Today, the author continues to be drawn to his detective muse, Émile Cinq-Mars.

“He is a mystic in a secular age with a great interest in cosmological sciences; a moral cop among ‘dirty’ cops and living in an amoral time. He’s conservative yet living with a younger wife and he’s a French-Quebecker whose wife is American; a faithful Roman Catholic yet he considers himself a heretic. A city cop who lives in the country with a stable of horses,” he explained. “There’s dimension and contradiction in everything he is and in much of what he does. I continue to discover wells and veins I hadn’t realized were there, so while the lazy writer in me might repeat myself from time to time, the better writer in me discovers much for the first time.”

In 2014, the author returned to literary fiction with his first Trevor Ferguson novel in a decade, The River Burns. However, he did not find the transition difficult. The prose in literary fiction is more demanding, he explained, but crime fiction requires greater attention to narrative drive.

“Good writing is good writing,” he said, regardless of the  genre. “A well-conceived, intelligent, well-written crime novel can blow away a lot of poorly craftly, ho-hum writing, even if it calls itself literary,” he said. “I think there is a distinction, in ambition and style, scope and narrative inclinations, but there is no automatic distinction in quality.
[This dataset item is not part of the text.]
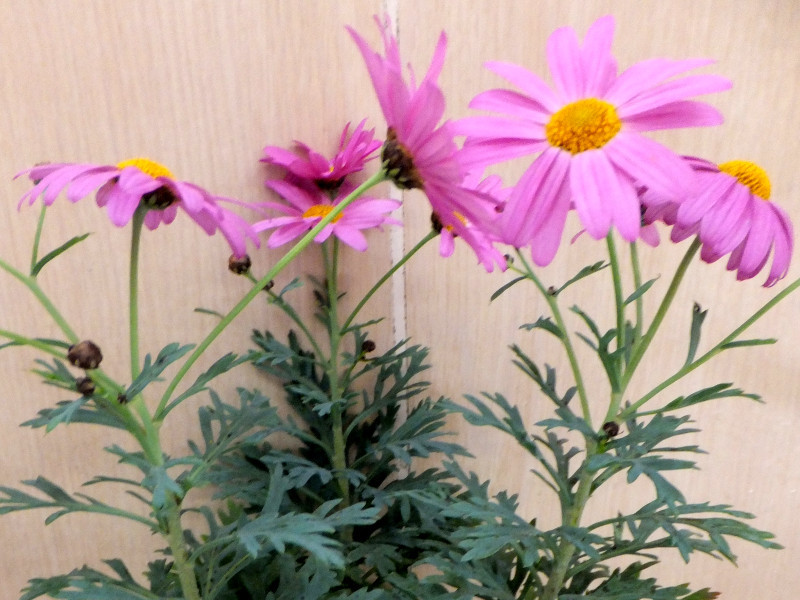 マーガレット・ラブリーフレンド | Argyranthemum frutescens 'lovely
That has to be earned and demonstrated.”

Ferguson seeks to engage his readers with multi-dimensional characters to match the complexity of the worlds they inhabit, regardless of book classification. He believes in the power of fiction and hopes that in his characters his readers will find a world beyond themselves. “Fiction is a way of restoring the world — not necessarily repairing it — but restoring its energy to carry on.”

The future of the publishing industry may be uncertain, but the author, whether telling stories as Ferguson or Farrow, has more projects lined up, including television and film writing. After a lifetime of traversing borders, both narrative and geographic, Ferguson continues to place his faith in fiction and is busy penning new chapters.